---------- Dataset extract
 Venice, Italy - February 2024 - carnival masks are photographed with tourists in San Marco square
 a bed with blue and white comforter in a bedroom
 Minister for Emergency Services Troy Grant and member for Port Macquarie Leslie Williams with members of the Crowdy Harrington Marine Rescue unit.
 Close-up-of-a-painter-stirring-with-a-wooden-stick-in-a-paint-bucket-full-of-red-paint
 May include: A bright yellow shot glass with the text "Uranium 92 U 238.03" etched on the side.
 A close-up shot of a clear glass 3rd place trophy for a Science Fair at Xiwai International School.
--------------------
---------- Dataset extract
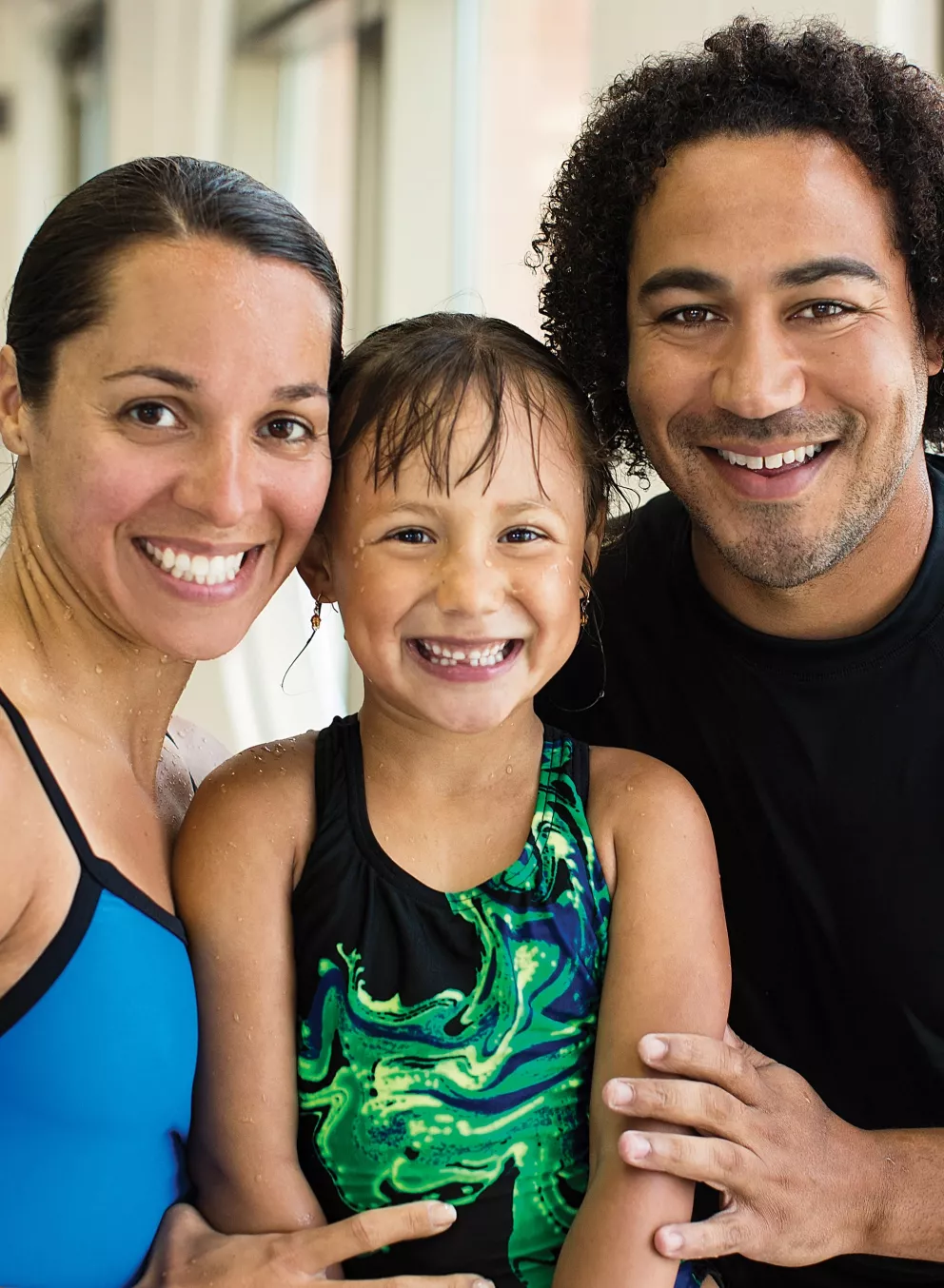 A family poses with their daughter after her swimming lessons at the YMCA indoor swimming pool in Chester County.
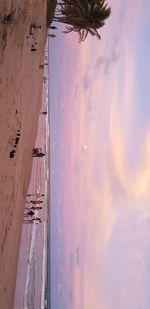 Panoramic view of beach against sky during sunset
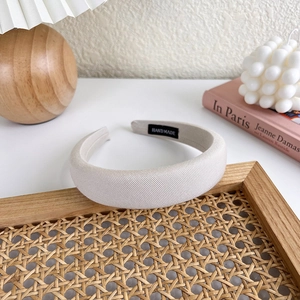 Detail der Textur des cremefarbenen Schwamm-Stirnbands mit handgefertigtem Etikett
--------------------
---------- Dataset extract
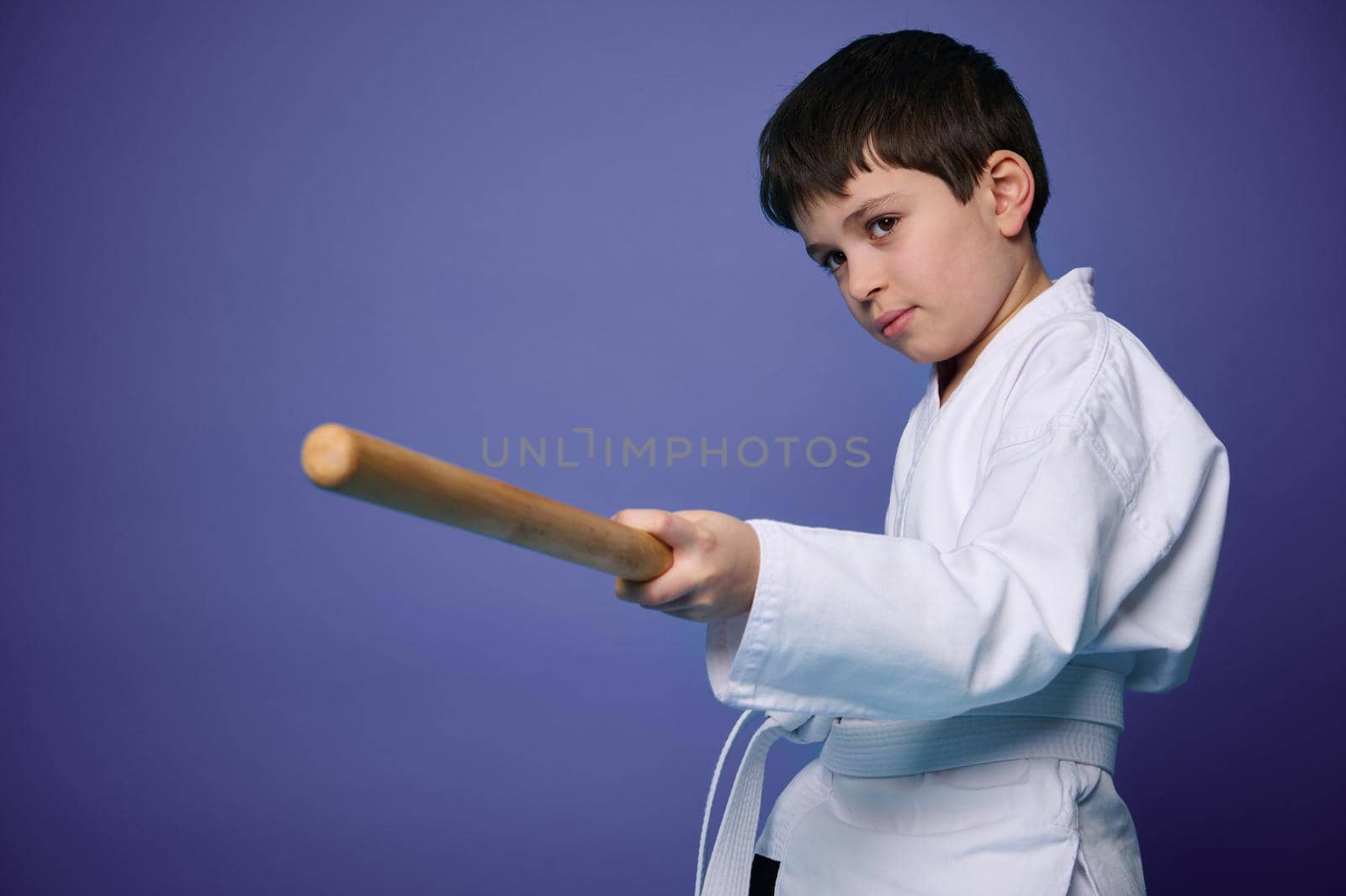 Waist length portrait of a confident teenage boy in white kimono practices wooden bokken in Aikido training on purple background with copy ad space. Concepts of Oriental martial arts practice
--------------------
• **Work instructions**: Scan the listing above and identify each line holding the string "shot"; copy every such line.

• **Response to the exercise**:
 May include: A bright yellow shot glass with the text "Uranium 92 U 238.03" etched on the side.
 A close-up shot of a clear glass 3rd place trophy for a Science Fair at Xiwai International School.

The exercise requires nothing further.